In this section, we will explain with a practical example how this framework can be applied. During the last quarter of 2016, a huge Saudi feminist movement became very popular among the Saudi community on Twitter. It raises controversial issues about women’s rights in Saudi Arabia and gathered people’s attention both locally and globally. Many users become involved in this movement and participated by tweeting heavily using the chosen hashtags which are: and #StopEnslavingSaudiWomen.
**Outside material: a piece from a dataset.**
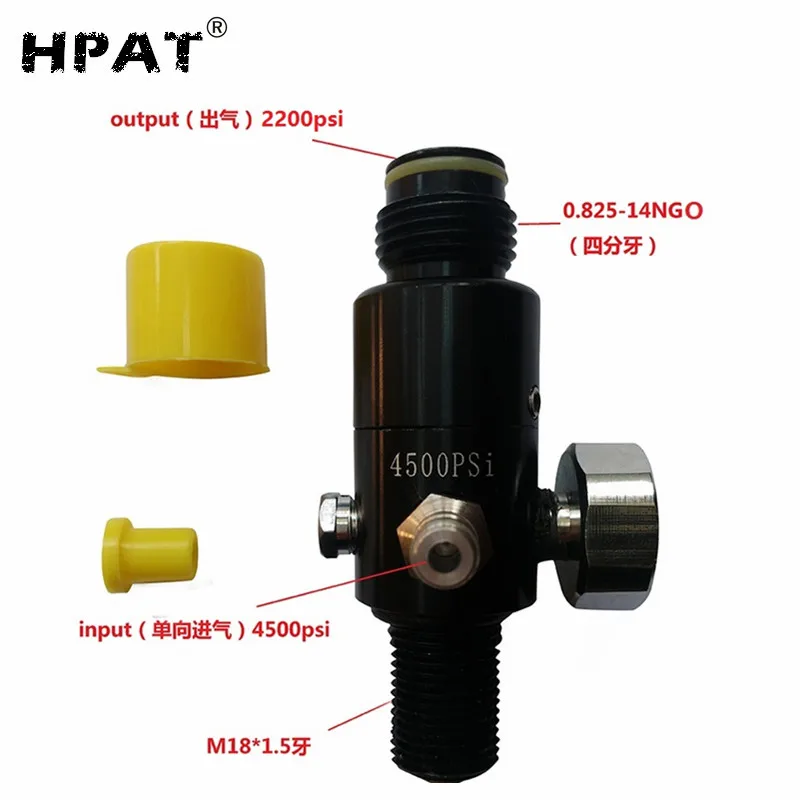 

SPUNKY PCP Paintball Airsoft HPA Tank Regulator Valve M18*1.5 Thread Black 4500psi 2200psi Output Pressure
In order to apply the framework in this use case, we will explain the process by which the methodology will be carried out stage by stage.

Stage One

We assume that the conversational trust [7] is selected for measuring trust, then we will need to collect for each user the following: mentions, and tweets, especially the tweets’ timings.

Stage Two

We will select the users from Twitter who support this movement, after manually checking that they support the movement and heavily involved in it by tweeting using the hashtags.

Stage Three

Using the metrics chosen in stage one, we will compute the trust metrics and generate the trust pairwise scores matrix.

Stage Four

Since we are only concerned with one topic (regardless of the several hashtags used for it) we will measure users’ sentiment agreement and compute the sentiment agreement matrix.

Stage Five

Using both matrices computed in stages three and four, we will compare the trust and sentiment agreement between the selected users and first assess the extent to which users who are involved in this topic trust each other and the extent to which these users actually agree on their sentiment and compare the two scores.

5 Conclusion

In this paper, we have presented a research methodology framework for investigating the relationship between trust and sentiment agreement for Arab Twitter users. The framework was demonstrated by means of a use case from Saudi Arabia. As for future work we will implement a system based on the framework to measure the trust and compare it to sentiment agreement. Our intention is that our work will provide useful insight into the effect of the social and political changes on social capital as signified by trust. However, we must bear in mind that although social network analysis is a powerful lens in understanding societies it can amplify and distort reality and extra measures need to be taken to ensure a reliable representation.